会長 深田一弥の異見!

2015年11月24日

イスラム教指導者は何故黙っているのか?

 ISISと言ったり、イスラム国と言ったりしているが、イラクやシリアで急速に力をつけてかつ暴虐な活動をしているイスラム教原理主義と言われる集団が世界を恐怖に陥れている。最近ではエジプトからモスクワに向けて飛び立ったロシアの旅客機が空中で爆破され、乗員百数十人が死亡したし、パリ市内では同時多発テロが発生し200人近くの人が殺傷された。日本人でもジャーナリスト2人が殺され、また最近バングラデシュで、地元で慕われていた日本人が殺害され、ISISが犯行声明を出した。

 かつてはアルカイーダと言われる組織が世界の各地でテロを行っていて恐怖をあおっていたが、ISISは元々アルカイーダの傘下であったのがそれに飽き足らずに離反してさらに残虐性を増した。最近は、アサド政権と反体制派の覇権争いに乗じてシリア国内で勢力を拡大している。その騒乱から逃れようと数百万人に及ぶ避難民が主にヨーロッパ諸国に乱入しているのが大きな問題となっている。ISISに対して今まではアメリカのみが散発的に空爆をしていたが、最近はロシアとフランスも空爆に参加した。空爆をしている国々にもそれぞれの思惑があり、どうも一致団結して事に当たるというようにはなっていない。

 ISISは、国際的には認められていないもののアラビア半島にイスラム教原理主義の国を作ろうとしている。世界に16億人居ると言われているイスラム教徒の中にはその活動に賛同する者は結構な数に昇るのであろう。しかし、例えそういう国が出来たとて原理主義と言う極めて戒律が厳しく不自由で息の詰まりそうな国に住もうと言う者がこの文明の世の中にはそれほど多いとは思われないのだが。

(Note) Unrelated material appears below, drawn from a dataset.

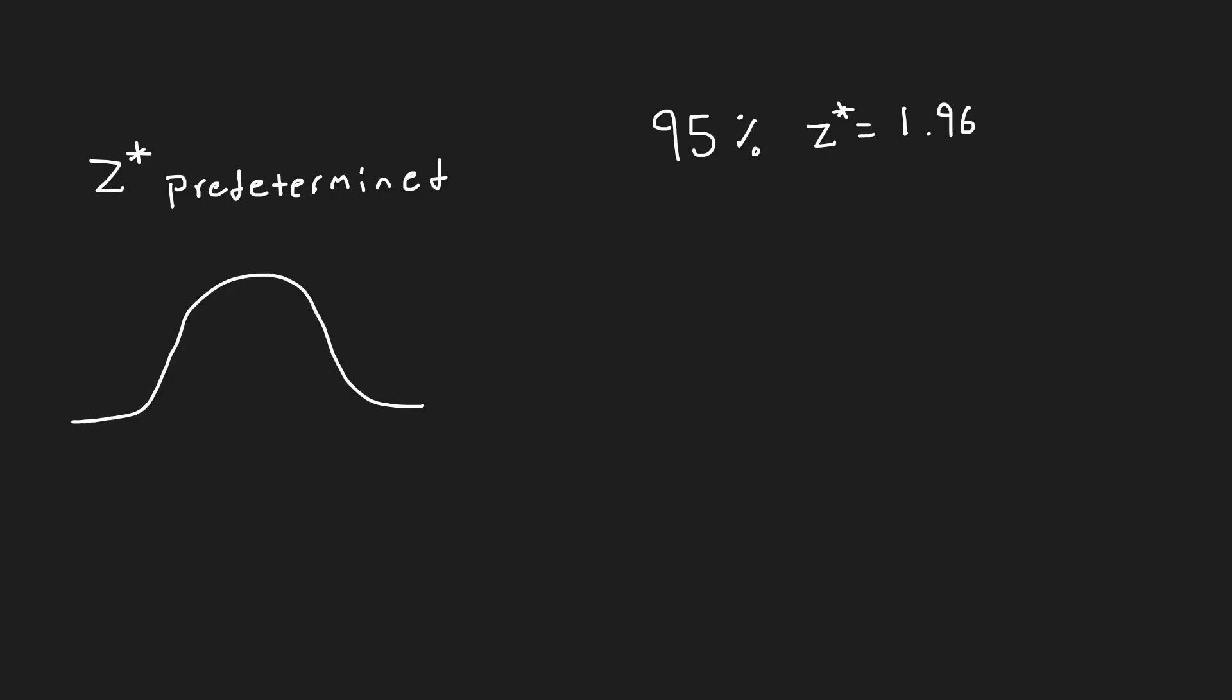If you want to be more confident, let's say 99% confident, you could use a z score of 2.57. However, this increased confidence results in a wider interval, sacrificing precision.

 但し、世界各国からISISに参加する若者の殆どが純粋な宗教上の目的より地元で主に経済上の理由で自己の存在が報われていないことの不満から一か八かの世界で鬱憤を晴らそうとしているのではないか。特にヨーロッパ諸国ではかつての植民地のアフリカや支配地区だったアラビア半島から来た者達が宗教上と言うよりはむしろ人種的な違いで社会の底辺層で我慢せざるを得ない状況が大きい。そう言う層が大抵の場合がイスラム教徒であるためではないか。

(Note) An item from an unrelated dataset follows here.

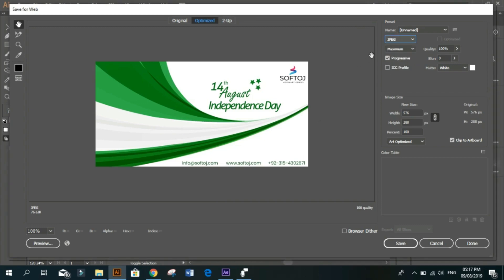Or GIF. If your file size is small, you can increase the percentage. I am going to save it at 500 percent.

 ところでイスラム教は世界三大宗教と言われるからには、かなりの数の宗教指導者が居ると思うが、そのトップに居る人達はかのISISの行動をどのように感じどのような意見を持っているのか見えてこない。彼らが黙っていると言うのは残虐なISISの行動を容認していることにならないか。とは言え、数は少ないが私の知るイスラム教徒達はISISの行動を明確に批判している。是非、イスラム教指導者の誰か1人でも命の危険はあるかも知れないがISISを公式に批判すべきであろう。

 それとこれは欧米の主にキリスト教徒が支配的な国々では人種や宗教の違いで彼らを差別せずに、優秀な者はドンドン引き上げるべきである。それはかつての宗主国や支配国としての責任でもある。経済的な余裕を持てばISISに身を投じる者は確実に少なくなる。その上でISISの行動は必ずしもイスラム教の教えに沿っているのではないことを宗教指導者が声を大にして訴えるべきだ。

 身内が殺されて冷静にと言うのは無理かも知れないが、憎しみの報復合戦だけではいつまでも終わりなき戦いになってしまう。